CDFlow: Building Invertible Layers with Circulant and Diagonal Matrices
Xuchen Feng, Siyu Liao
TL;DR
CDFlow presents a circulant-diagonal factorization for invertible linear layers in normalizing flows, reducing parameter and computation costs while preserving expressiveness. By representing weight matrices as alternating diagonal and circulant factors and leveraging FFTs, the approach achieves $O(mn)$ storage, $O(mn)$ log-determinant evaluation, and $O(mn\log n)$ inversion, enabling efficient training and sampling. Integrated into a multi-scale flow with ActNorm and coupling, CDFlow delivers strong density estimation on standard image datasets and excels on data with periodic structure, such as galaxy images, while demonstrating favorable runtime characteristics. The work provides a practical, scalable path for high-dimensional flow-based modeling with structured matrices and FFT acceleration.
Abstract
Normalizing flows are deep generative models that enable efficient likelihood estimation and sampling through invertible transformations. A key challenge is to design linear layers that enhance expressiveness while maintaining efficient computation of the Jacobian determinant and inverse. We introduce a novel invertible linear layer based on the product of circulant and diagonal matrices. This decomposition reduces parameter complexity from $\mathcal{O}(n^2)$ to $\mathcal{O}(mn)$ using $m$ diagonal matrices and $m-1$ circulant matrices while still approximating general linear transformations.
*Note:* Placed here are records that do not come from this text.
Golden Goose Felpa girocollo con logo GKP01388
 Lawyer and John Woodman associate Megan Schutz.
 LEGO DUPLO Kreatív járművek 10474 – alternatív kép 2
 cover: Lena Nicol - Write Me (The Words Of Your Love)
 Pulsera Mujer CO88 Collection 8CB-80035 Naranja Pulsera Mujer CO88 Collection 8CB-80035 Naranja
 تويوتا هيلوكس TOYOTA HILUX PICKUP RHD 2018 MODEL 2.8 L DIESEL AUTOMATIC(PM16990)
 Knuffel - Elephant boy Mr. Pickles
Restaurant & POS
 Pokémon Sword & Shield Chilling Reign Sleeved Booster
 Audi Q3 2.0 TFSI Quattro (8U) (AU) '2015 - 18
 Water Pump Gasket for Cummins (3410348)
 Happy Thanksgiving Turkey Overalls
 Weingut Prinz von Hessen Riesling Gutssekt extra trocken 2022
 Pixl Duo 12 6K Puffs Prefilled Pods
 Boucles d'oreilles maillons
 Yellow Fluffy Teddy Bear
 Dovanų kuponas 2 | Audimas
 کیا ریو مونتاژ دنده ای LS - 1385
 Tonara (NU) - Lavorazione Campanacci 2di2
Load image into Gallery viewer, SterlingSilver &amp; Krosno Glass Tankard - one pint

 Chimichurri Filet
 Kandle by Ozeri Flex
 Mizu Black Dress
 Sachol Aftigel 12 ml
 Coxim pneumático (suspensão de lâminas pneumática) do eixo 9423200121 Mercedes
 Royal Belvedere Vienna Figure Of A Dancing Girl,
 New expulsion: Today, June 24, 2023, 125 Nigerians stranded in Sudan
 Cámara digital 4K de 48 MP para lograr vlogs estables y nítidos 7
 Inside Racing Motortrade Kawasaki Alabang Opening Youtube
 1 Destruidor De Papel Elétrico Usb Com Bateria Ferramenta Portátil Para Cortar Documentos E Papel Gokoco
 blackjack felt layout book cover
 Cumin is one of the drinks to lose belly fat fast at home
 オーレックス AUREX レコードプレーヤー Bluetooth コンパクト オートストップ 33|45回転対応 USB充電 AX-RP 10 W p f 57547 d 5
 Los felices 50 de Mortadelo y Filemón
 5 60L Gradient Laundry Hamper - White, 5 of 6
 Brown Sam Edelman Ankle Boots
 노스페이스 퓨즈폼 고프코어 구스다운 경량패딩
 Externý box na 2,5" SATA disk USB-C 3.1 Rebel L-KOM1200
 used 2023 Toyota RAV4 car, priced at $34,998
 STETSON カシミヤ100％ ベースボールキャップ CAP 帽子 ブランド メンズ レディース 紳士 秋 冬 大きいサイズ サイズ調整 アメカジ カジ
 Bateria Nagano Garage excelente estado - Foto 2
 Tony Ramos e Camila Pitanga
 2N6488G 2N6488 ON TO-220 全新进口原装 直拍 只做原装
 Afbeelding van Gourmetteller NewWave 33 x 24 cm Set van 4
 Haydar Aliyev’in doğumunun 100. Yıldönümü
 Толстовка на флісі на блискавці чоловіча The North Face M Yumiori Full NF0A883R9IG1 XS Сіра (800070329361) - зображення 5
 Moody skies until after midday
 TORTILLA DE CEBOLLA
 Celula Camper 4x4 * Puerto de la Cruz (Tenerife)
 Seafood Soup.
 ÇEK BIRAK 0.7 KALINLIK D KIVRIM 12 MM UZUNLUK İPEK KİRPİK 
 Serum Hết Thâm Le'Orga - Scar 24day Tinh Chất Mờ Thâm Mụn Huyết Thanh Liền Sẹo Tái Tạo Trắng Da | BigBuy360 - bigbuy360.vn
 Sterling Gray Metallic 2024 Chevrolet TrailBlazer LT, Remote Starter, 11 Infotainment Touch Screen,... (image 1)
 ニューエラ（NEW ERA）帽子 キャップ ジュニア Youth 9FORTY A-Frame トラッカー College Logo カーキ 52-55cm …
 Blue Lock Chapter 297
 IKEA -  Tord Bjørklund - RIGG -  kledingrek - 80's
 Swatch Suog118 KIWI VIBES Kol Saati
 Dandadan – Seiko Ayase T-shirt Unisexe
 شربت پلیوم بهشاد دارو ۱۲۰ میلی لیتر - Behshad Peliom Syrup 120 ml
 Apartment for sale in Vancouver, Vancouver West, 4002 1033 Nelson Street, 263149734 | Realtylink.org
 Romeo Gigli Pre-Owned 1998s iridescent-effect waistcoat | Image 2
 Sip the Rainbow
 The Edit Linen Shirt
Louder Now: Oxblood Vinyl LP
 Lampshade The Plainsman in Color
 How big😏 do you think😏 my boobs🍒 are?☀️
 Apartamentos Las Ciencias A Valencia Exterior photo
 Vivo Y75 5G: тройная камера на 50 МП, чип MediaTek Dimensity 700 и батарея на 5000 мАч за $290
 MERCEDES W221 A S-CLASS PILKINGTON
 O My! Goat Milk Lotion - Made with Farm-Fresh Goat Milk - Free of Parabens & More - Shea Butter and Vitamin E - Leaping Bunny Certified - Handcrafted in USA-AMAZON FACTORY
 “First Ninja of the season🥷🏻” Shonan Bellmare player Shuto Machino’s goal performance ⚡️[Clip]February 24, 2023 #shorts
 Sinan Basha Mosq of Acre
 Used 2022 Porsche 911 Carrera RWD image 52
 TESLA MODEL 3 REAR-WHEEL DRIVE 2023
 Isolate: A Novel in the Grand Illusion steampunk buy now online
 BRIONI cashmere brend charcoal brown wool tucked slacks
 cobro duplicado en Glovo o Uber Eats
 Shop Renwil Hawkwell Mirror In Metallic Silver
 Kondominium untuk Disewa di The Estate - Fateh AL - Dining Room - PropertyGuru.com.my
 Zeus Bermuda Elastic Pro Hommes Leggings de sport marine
By leveraging the Fast Fourier Transform, our approach reduces the time complexity of matrix inversion from $\mathcal{O}(n^3)$ to $\mathcal{O}(mn\log n)$ and that of computing the log-determinant from $\mathcal{O}(n^3)$ to $\mathcal{O}(mn)$, where $n$ is the input dimension. We build upon this layer to develop Circulant-Diagonal Flow (CDFlow), which achieves strong density estimation on natural image datasets and effectively models data with inherent periodic structure. Furthermore, CDFlow significantly accelerates key operations in normalizing flows, providing practical benefits for scalable generative modeling.